The largely inexperienced board did all kinds of funny and odd things, but perhaps the most serious weirdness was when several township trustees apparently broke the law.
The township, under the new supervisor’s leadership, got into a spat with the countywide 911 dispatch system over fees the township felt were unfairly high. The township board voted at a regular meeting to stop paying its 911 bill, instead placing that money into an escrow account until the dispute could be settled.
There’s no law requiring 911 services to be offered, and the county’s 911 director told the township board flatly that, if they didn’t pay, any 911 calls from township residents would simply go unanswered.
While the supervisor was out of town on a vacation, the rest of the board grew antsy over the 911 director’s threats. Several township trustees — a quorum of the board — gathered at the township office to discuss the issue, without posting a meeting, as required by the Michigan Open Meetings Act.
They decided to pay the 911 bill, essentially reversing in secret a policy that had been established in an open meeting.
Open Meetings Act violations are misdemeanors punishable by a $500 fine. When the supervisor got back to town and found out about the policy reversal, he referred the matter to the Michigan State Police.
As is often the case with alleged violations of the Open Meetings Act, no charges were ever filed. The law says it’s illegal only if the violations were intentional, and it’s difficult to prove someone’s intentions. Plus, some of the trustees denied that a quorum was ever in the building at the same, and the township clerk cited another state law that allows her to pay bills without board approval in the case of an emergency, which she said the 911 issue was.
So the only thing holding those trustees to account were my stories in the Battle Creek Enquirer.
That is the ultimate role of a newspaper: to police politicians when police can’t or, on rare occasions, won’t.
And newspapers play an important role in gathering evidence about wrongdoing that isn’t necessarily criminal, but is a question of political misconduct.
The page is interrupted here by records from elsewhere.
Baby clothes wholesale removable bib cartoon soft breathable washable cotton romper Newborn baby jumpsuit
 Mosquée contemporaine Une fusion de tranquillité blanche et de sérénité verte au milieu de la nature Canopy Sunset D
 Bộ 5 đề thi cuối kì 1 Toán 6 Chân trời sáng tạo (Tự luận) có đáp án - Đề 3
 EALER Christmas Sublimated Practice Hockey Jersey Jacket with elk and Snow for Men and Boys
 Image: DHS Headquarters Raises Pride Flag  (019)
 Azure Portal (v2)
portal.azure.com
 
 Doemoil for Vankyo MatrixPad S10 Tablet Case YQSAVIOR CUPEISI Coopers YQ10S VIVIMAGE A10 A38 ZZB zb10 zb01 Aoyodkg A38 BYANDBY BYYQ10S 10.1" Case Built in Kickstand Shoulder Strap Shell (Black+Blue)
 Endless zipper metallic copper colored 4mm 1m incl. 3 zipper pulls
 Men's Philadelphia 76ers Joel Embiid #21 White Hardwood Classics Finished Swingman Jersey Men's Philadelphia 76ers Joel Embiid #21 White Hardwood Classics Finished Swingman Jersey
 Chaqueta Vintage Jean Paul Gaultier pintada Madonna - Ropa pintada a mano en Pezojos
Remember, the word “politics” is derived from the Latin and Greek words for “citizen,” and the people are supposed to be more powerful than judges in this country.
Journalists are the detectives serving the court of public opinion.
Take, for example, that same Emmett Township Board of Trustees.
The supervisor said he “forgot a zero,” and allowed a property tax funding police services in the township to expire without going on the ballot for renewal. So the board, using an old state law that allows them to do so, imposed a new property tax for public safety without a vote of its residents.
The board repeatedly insisted to its angry constituents that the tax was necessary only to prevent layoffs for a significant portion of the police force. Yet, immediately after imposing the tax, the board created a few new police positions. Then one of the trustees who’d voted for the unpopular tax resigned from the board to take one of those newly created positions, taking his paychecks directly from that unpopular new tax he’d supported.
Nothing the board did was illegal, so there would be no police report detailing all the evidence, no prosecutor and defense attorney to argue both sides, and no judge to make a final decision about the fate of the accused.
There were only my stories, explaining that the board’s actions were legal and examining the tough financial situation in the township for the defense, quoting the residents’ disgust and their own financial troubles for the prosecution.
Only with the Battle Creek Enquirer could voters get all the information they needed to make a final judgement.
All of the trustees who supported that tax were recalled later that same year.
I would encourage you, dear readers, the next time you renew your subscription to The News or buy a copy at the gas station or take out an ad promoting your business, to think of it the same way you would an investment in a community police force.
Yes, you get fun features and recipes and community calendars and lotto numbers, but what you really get with your newspaper subscription are watchdogs who will stand guard against wrongdoing, even when the law isn’t there to bring justice.